(Task instructions):
Could you return every record below word for word, leaving out the pictures?

(Given information):

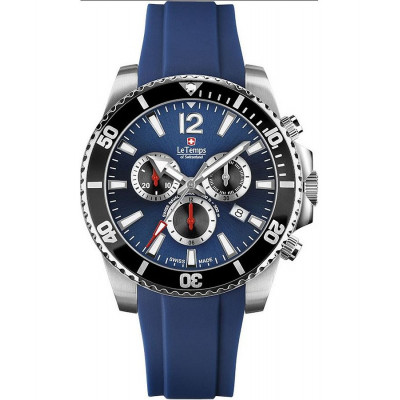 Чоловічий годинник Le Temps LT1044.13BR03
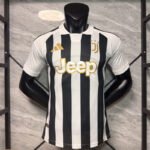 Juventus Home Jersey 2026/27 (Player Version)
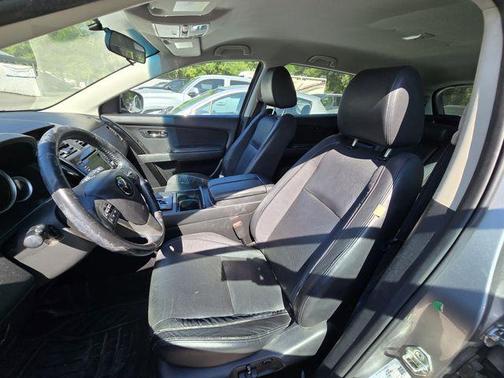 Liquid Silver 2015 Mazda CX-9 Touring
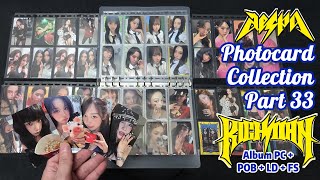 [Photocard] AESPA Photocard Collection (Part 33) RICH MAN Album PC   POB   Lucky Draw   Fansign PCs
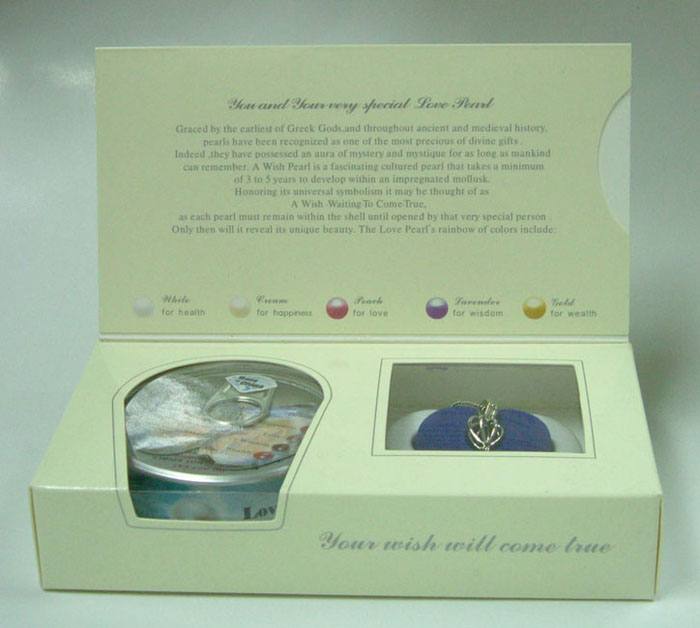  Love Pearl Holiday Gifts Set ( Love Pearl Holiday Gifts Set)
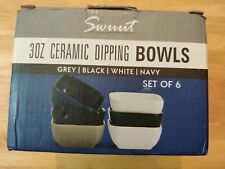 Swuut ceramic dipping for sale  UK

(Problem solution):
 Чоловічий годинник Le Temps LT1044.13BR03
 Juventus Home Jersey 2026/27 (Player Version)
 Liquid Silver 2015 Mazda CX-9 Touring
 [Photocard] AESPA Photocard Collection (Part 33) RICH MAN Album PC   POB   Lucky Draw   Fansign PCs
  Love Pearl Holiday Gifts Set ( Love Pearl Holiday Gifts Set)
 Swuut ceramic dipping for sale  UK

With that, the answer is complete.